(Data provided Opens)

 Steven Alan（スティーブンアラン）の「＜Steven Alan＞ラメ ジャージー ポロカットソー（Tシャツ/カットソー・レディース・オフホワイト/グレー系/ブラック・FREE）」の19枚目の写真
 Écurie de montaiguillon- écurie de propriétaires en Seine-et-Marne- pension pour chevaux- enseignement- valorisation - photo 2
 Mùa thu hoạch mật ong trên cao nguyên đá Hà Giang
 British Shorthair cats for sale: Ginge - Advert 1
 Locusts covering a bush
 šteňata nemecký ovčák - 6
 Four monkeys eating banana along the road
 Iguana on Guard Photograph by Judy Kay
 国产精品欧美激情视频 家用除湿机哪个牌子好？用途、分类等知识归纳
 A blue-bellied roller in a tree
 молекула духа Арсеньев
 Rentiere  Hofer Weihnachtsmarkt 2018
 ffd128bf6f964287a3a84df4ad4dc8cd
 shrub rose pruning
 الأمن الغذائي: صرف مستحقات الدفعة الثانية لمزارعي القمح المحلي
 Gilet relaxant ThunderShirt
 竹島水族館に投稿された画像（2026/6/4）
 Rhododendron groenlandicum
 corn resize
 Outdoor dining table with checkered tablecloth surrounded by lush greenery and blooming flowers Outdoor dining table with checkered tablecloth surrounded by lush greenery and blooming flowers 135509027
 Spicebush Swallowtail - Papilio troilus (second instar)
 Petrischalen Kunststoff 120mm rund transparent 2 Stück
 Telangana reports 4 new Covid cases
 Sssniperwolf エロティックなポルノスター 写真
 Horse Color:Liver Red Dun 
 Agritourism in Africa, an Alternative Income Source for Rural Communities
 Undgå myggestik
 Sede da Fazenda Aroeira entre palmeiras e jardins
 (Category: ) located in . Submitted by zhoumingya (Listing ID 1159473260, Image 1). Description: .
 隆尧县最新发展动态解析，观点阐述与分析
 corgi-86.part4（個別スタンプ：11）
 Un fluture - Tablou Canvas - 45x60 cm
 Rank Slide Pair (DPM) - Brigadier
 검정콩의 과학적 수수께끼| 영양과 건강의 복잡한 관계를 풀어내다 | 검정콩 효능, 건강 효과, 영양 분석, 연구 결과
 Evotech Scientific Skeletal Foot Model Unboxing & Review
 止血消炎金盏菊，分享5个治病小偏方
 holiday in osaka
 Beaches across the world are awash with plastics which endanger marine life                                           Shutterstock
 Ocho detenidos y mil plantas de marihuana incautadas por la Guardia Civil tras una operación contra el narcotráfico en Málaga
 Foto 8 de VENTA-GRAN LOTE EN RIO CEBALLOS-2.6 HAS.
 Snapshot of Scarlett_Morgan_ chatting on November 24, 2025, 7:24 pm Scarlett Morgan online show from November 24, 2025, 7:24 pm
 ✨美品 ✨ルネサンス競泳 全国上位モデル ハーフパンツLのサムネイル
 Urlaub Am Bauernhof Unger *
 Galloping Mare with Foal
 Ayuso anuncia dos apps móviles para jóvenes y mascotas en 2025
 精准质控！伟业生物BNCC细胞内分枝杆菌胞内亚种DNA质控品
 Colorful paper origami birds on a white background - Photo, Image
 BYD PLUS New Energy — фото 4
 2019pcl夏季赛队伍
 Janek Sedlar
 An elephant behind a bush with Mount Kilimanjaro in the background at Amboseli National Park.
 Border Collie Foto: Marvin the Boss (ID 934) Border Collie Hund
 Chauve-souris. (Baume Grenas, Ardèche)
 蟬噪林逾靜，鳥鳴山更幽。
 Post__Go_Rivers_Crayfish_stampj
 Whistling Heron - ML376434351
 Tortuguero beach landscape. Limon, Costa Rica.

(Data provided Closes)

# Assignment
In the records above, locate every line with the string "Foto" and copy it.

# Output for this task
 Foto 8 de VENTA-GRAN LOTE EN RIO CEBALLOS-2.6 HAS.
 Border Collie Foto: Marvin the Boss (ID 934) Border Collie Hund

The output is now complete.